Suppose machine A wants to send its message packets to B which has the IP address 1B. A only knows B’s IP address and thus as a first step, sends an ARP request to B to get machine B’S hardware address. Now, before sending the ARP request, A checks up in its ARP cache whether an IP address to hardware address binding of B have previously being recorded. If so, it send the packets to B by inserting the appropriate hardware address. If not, it sends the ARP request as a broadcast message. All the machines in the network receives it and checks the message for the corresponding IP address of each machine. Only B identifies a match to its IP address and this processes the message and adds up its hardware address to the ARP request and send it back to A.
While A sends the ARP request, it also sends its IP address and hardware address along ARP request so that it makes it easier for B to communicate with A. B stores the network address of A in its cache.

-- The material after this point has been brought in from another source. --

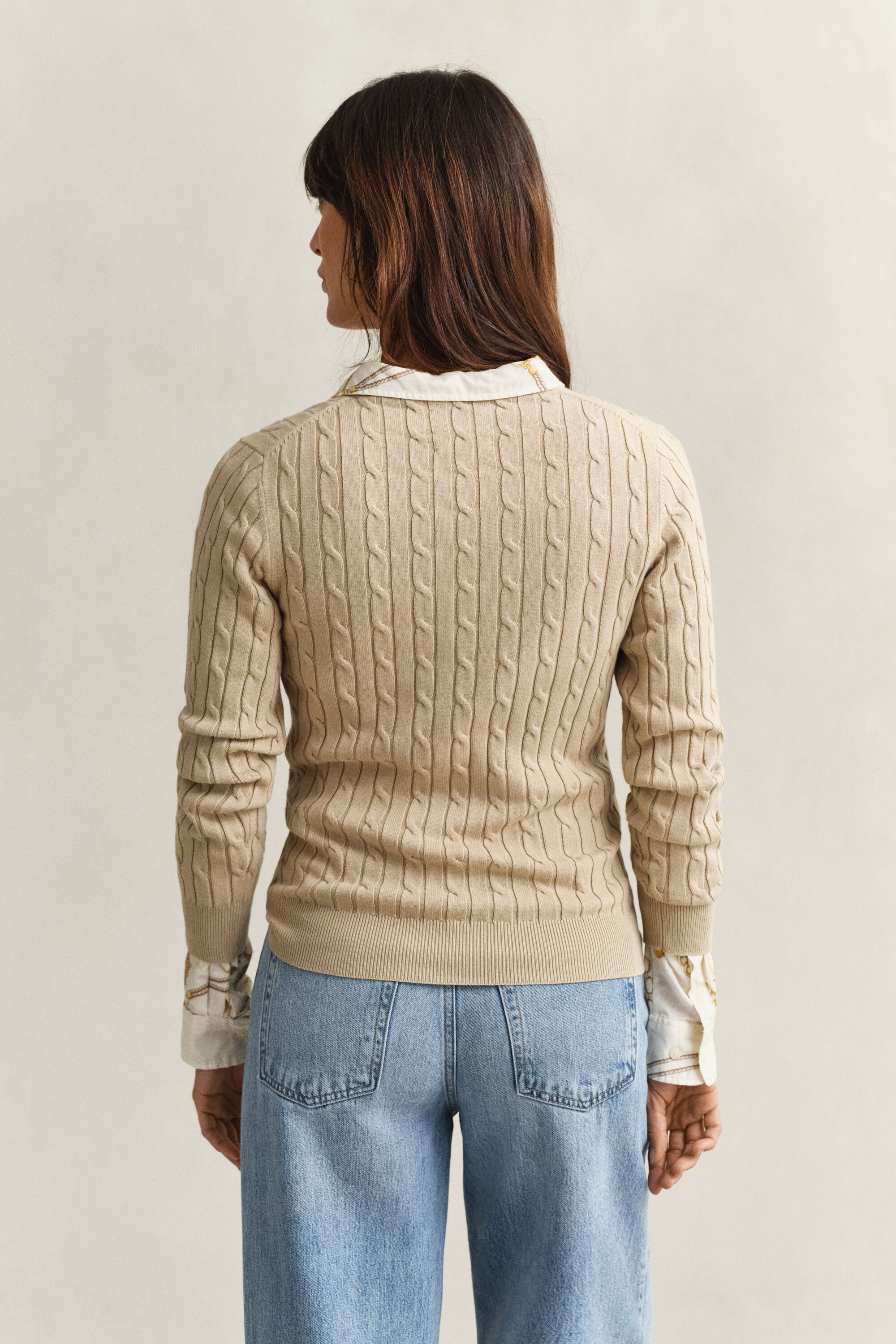 Jersey de cuello redondo y punto de ochos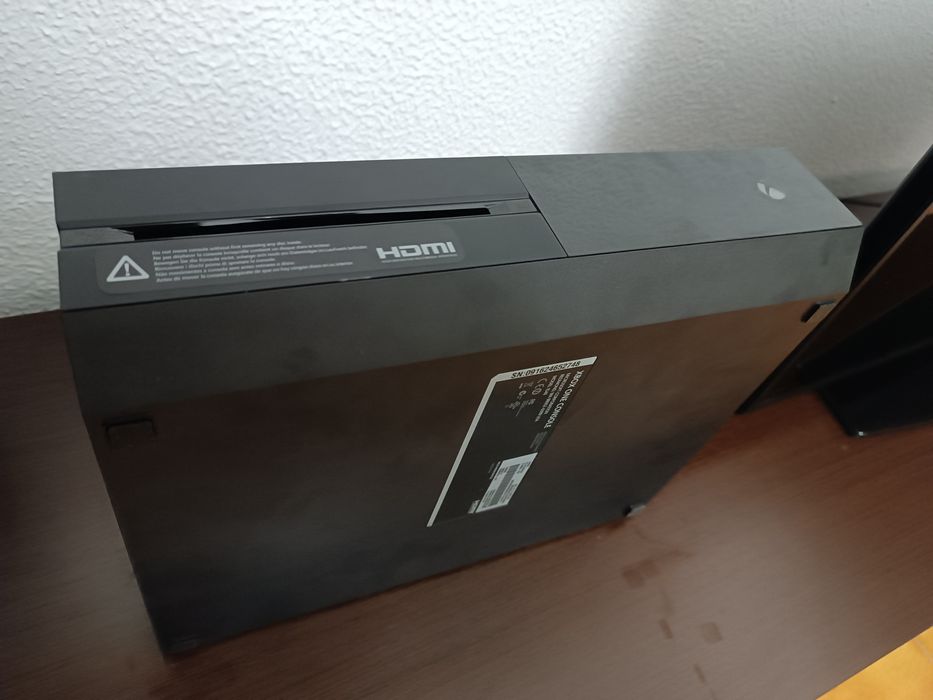 Xbox One em ótimo estado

Once A receives the ARP reply, it update the hardware address of B in its cache corresponding to B’s IP address. Once A makes an ARP request for IP-hardware address binding, any other request for the same operation by other applications are queued and when ARP request is received, the queued requests are removed and the necessary address binding is supplied to the requesting applications. Now, ARP software in machine A will refresh its ARO bindings in its cache periodically since the hardware addresses of the machine B may change.
At the receiving side, machine B’s ARP software accepts the ARP request, extracts A’s IP address + hardware address and add it / update it to its ARP cache for later use. B adds up its hardware address to the ARP request and sends the request back to A as ARP reply. In essence, ARP allows a host to find physical address of a target host on the same physical network given only the target’s IP address.